- **Task requirements**
Aim for an exact copy of the listing, without any images.

- **Given information**
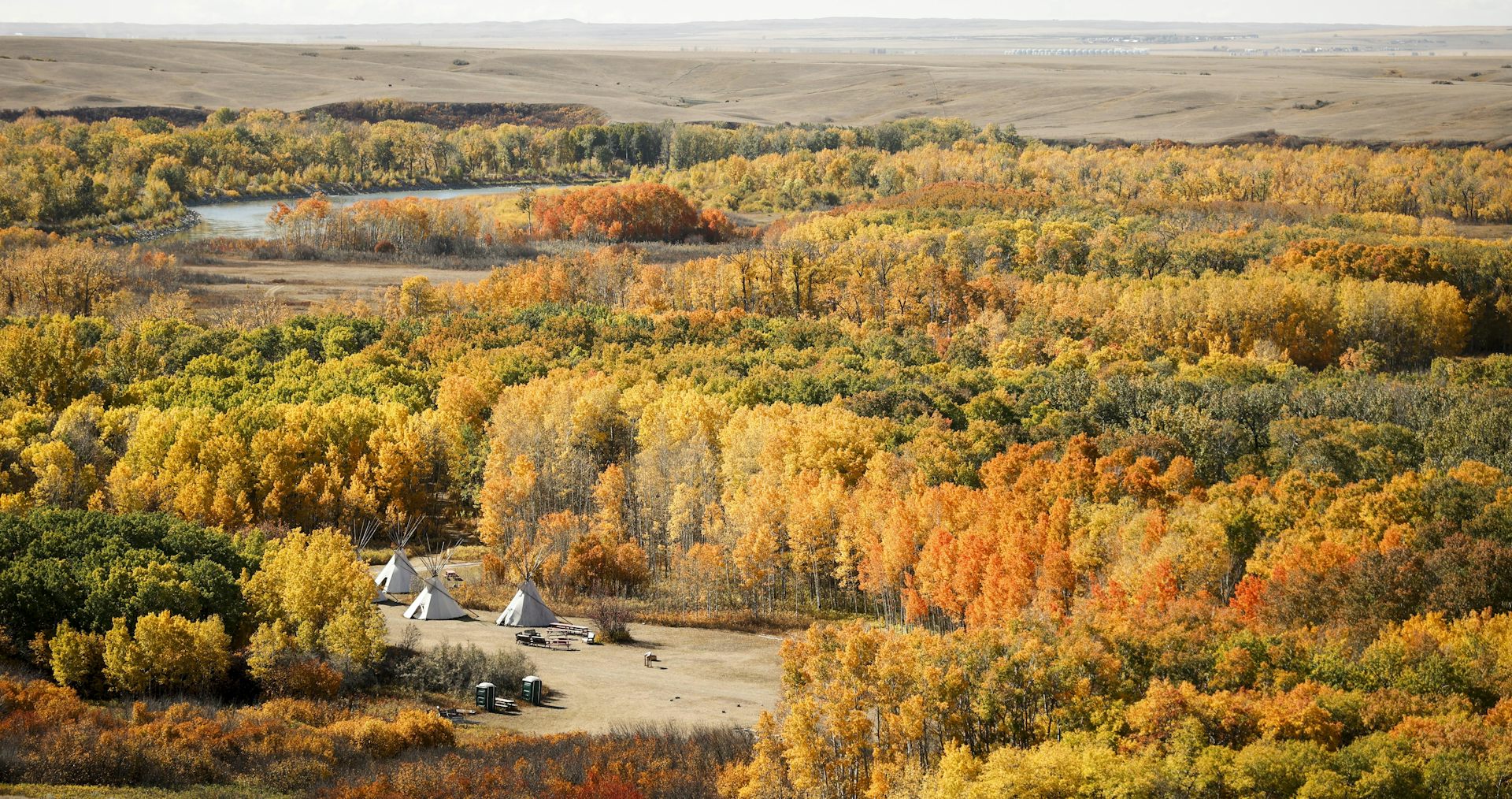 Teepees stand surrounded by fall foliage near a river.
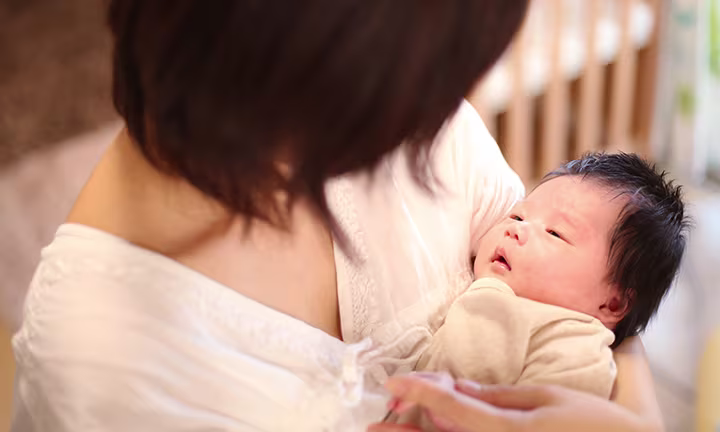 A caregiver holding a newborn baby in their arms while looking down at the baby’s face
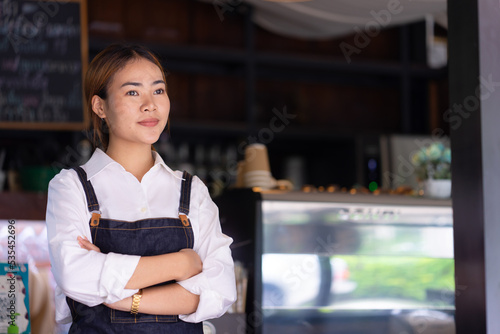 Woman standing in front of coffee shop photo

- **Exercise answer**
 Teepees stand surrounded by fall foliage near a river.
 A caregiver holding a newborn baby in their arms while looking down at the baby’s face
 Woman standing in front of coffee shop photo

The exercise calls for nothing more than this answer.